**Work instruction**
Copy the lines below word for word, skipping any image.
(Dataset extract begins)
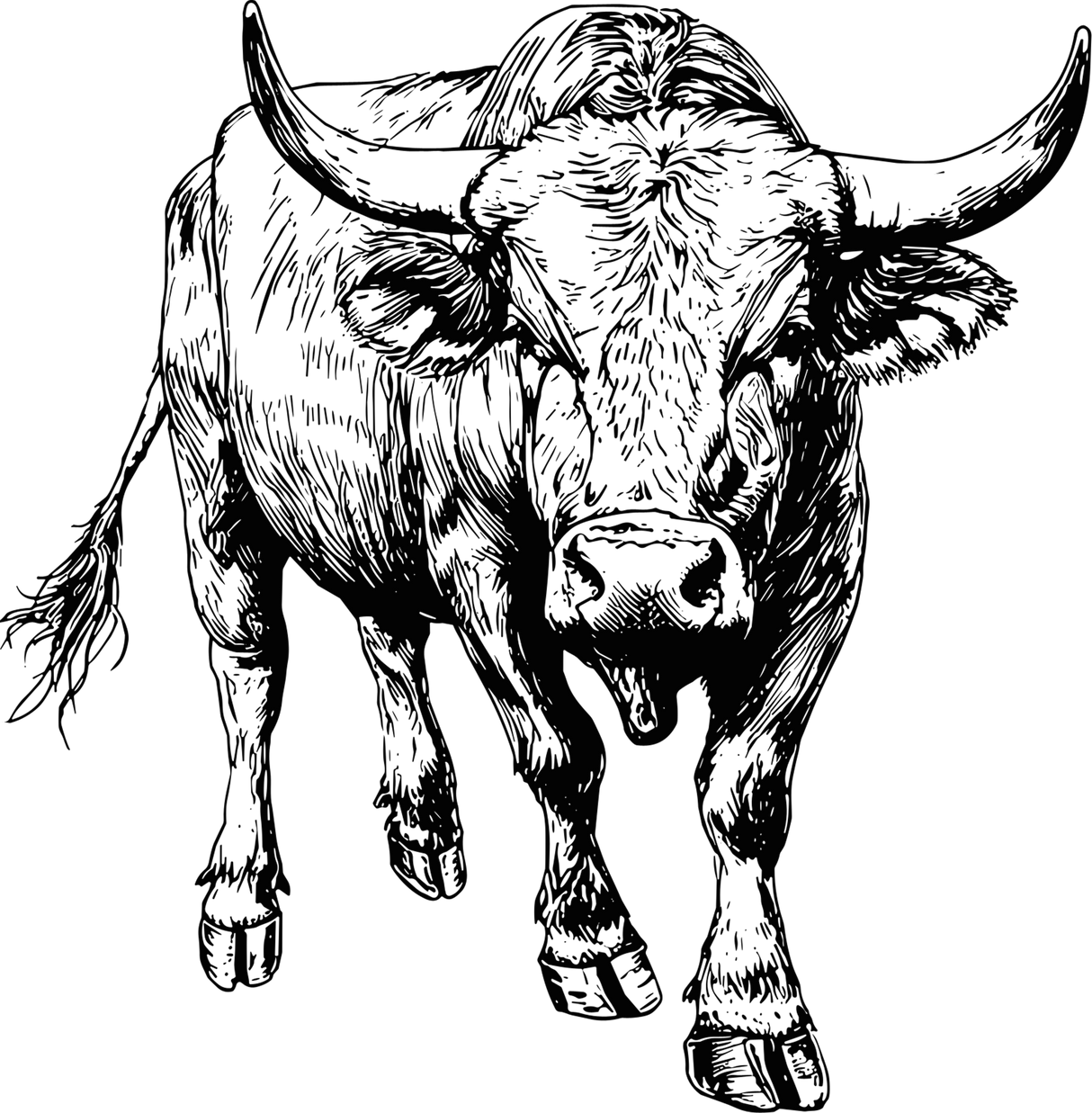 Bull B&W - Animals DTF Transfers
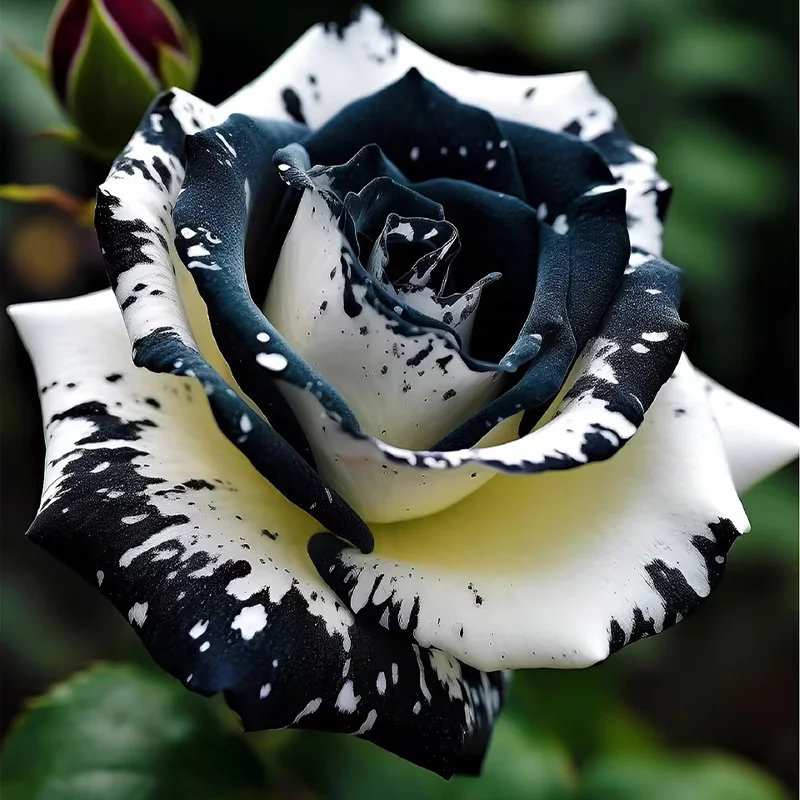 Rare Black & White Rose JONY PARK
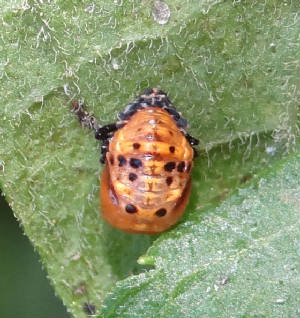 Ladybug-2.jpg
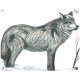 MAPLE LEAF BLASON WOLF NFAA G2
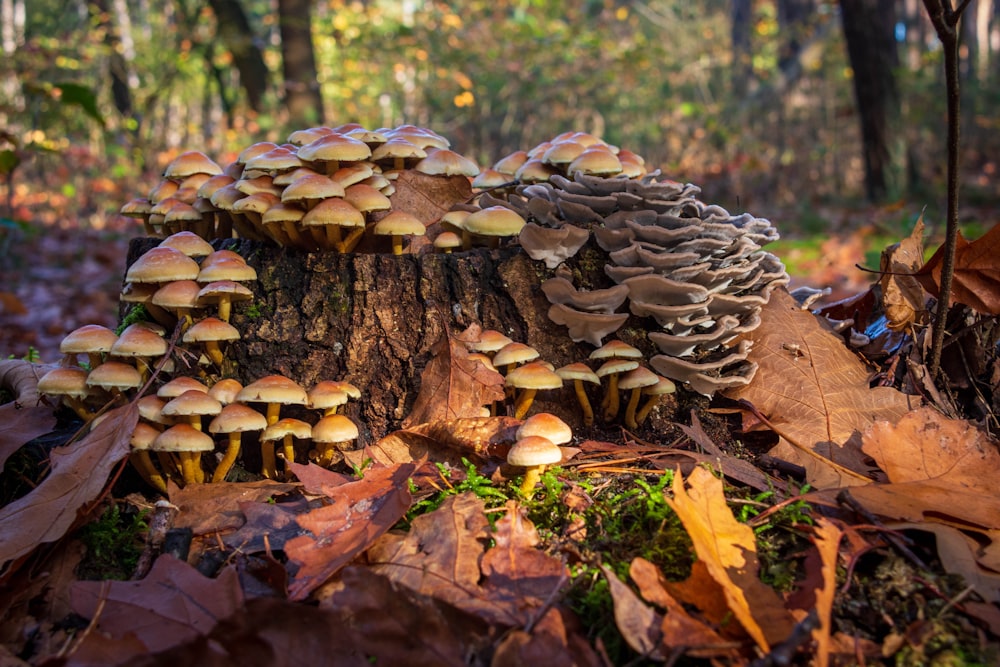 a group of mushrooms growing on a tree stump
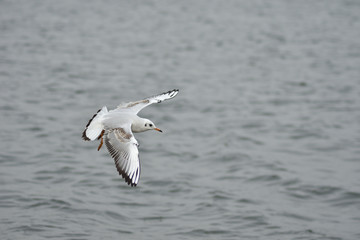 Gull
(Dataset extract ends)
**Exercise answer**
 Bull B&W - Animals DTF Transfers
 Rare Black & White Rose JONY PARK
 Ladybug-2.jpg
 MAPLE LEAF BLASON WOLF NFAA G2
 a group of mushrooms growing on a tree stump
 Gull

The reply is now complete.